[DATASET RECORDS — start]
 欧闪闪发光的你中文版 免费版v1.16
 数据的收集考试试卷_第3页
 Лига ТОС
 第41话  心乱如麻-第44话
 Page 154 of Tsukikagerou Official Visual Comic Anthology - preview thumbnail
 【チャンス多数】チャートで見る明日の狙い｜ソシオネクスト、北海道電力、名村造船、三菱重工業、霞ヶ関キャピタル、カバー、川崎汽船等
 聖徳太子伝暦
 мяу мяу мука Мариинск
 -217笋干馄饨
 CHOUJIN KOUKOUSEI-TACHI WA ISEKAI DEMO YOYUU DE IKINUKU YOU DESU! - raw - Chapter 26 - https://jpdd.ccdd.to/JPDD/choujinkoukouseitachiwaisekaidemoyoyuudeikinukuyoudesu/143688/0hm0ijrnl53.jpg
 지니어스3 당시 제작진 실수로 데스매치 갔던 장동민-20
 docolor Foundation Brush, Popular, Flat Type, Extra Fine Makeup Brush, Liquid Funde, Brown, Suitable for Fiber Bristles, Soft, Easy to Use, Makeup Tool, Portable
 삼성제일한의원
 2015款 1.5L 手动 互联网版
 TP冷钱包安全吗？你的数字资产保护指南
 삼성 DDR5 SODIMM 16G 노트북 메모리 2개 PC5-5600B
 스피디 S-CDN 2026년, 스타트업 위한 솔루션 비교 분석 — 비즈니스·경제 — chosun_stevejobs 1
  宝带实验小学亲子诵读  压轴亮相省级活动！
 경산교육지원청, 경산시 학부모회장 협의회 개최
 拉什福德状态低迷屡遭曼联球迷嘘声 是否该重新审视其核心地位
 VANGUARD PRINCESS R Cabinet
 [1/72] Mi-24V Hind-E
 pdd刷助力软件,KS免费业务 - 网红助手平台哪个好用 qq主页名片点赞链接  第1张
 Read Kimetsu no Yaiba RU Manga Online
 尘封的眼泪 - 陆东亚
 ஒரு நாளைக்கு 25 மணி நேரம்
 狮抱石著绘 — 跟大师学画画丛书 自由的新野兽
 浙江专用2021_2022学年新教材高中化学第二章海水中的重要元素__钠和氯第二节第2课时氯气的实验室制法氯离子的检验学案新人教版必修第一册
[DATASET RECORDS — finish]
- **ASSIGNED TASK**: Only the lines from the one with "[1/72] Mi-24V Hind-E" through the end of the listing should be output, exactly as they appear.

- **EXPECTED ANSWER**:
 [1/72] Mi-24V Hind-E
 pdd刷助力软件,KS免费业务 - 网红助手平台哪个好用 qq主页名片点赞链接  第1张
 Read Kimetsu no Yaiba RU Manga Online
 尘封的眼泪 - 陆东亚
 ஒரு நாளைக்கு 25 மணி நேரம்
 狮抱石著绘 — 跟大师学画画丛书 自由的新野兽
 浙江专用2021_2022学年新教材高中化学第二章海水中的重要元素__钠和氯第二节第2课时氯气的实验室制法氯离子的检验学案新人教版必修第一册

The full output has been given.